University of Southern California
Over 65% of renal reabsorption is performed by specialized cell-populations in the proximal nephron that control homeostatic regulation of water, glucose, salts, and amino acids. Recently, kidney organoids have been grown in vitro from stem cells, but proximal tubule cells form poorly and fail to mature in these models. A major contributing factor to this bottleneck is that we do not understand the developmental programs generating proximal tubule cells in vivo and how these deviate in organoid development. The consequence is that there has been little success replicating proximal tubule cells in vitro.
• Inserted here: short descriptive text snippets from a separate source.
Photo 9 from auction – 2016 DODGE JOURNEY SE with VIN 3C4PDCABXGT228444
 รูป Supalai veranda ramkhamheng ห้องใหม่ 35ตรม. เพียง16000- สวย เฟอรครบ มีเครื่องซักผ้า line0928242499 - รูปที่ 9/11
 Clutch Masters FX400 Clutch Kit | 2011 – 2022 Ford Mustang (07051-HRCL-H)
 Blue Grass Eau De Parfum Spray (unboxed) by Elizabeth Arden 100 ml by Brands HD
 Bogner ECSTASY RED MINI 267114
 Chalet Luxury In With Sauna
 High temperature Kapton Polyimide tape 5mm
Given their clinical importance there is a critical need to generate high-fidelity models for proximal tubule cells. Our objective in this proposal is to identify developmental lesions in organoids and benchmark mechanisms driving proximal tubule development. Our central hypothesis is that proximal tubules form via a transient PI3K- signaling event prefiguring activation of Notch and downstream HNF1B-mediated transcriptional regulation of HNF4A; a master-regulator for functional maturation of nephron cells. In organoids, this cascade of developmental regulators is perturbed, and proximal-distal cell fates form abnormally, as is evident by co- expression of normally segregated genes. Our hypotheses are based on extensive single cell omic sequencing data and in vivo secondary validation, and preliminary data using a new synchronized nephron-forming organoid system where we tune proximal patterning. Insights from these data lead us to pursue the following aim:
Aim: Delineate origins of proximal misprogramming in the kidney organoid. Based on preliminary data, our working hypothesis is that proximal tubule cells form abnormally in kidney organoids due to absent signaling cues. We will use our organoid system to determine how proximal-cell fates are generated in controls and in our proximal-biased protocol and compare these against in vivo nephron cell profiles. This will identify genes, cis- regulatory regions, and signaling pathways that are abnormally controlled in vitro and require tuning in organoids to generate functioning nephron cells.
Our proposed work is expected to: (1) identify mechanisms driving proximal tubule development, (2) determine developmental lesions in organoids that perturb normal differentiation, (3) benchmark a protocol tuning iPSC- derived kidney organoids to proximal lineages; a critical steppingstone to generate functional cells for replacement therapies and disease modeling.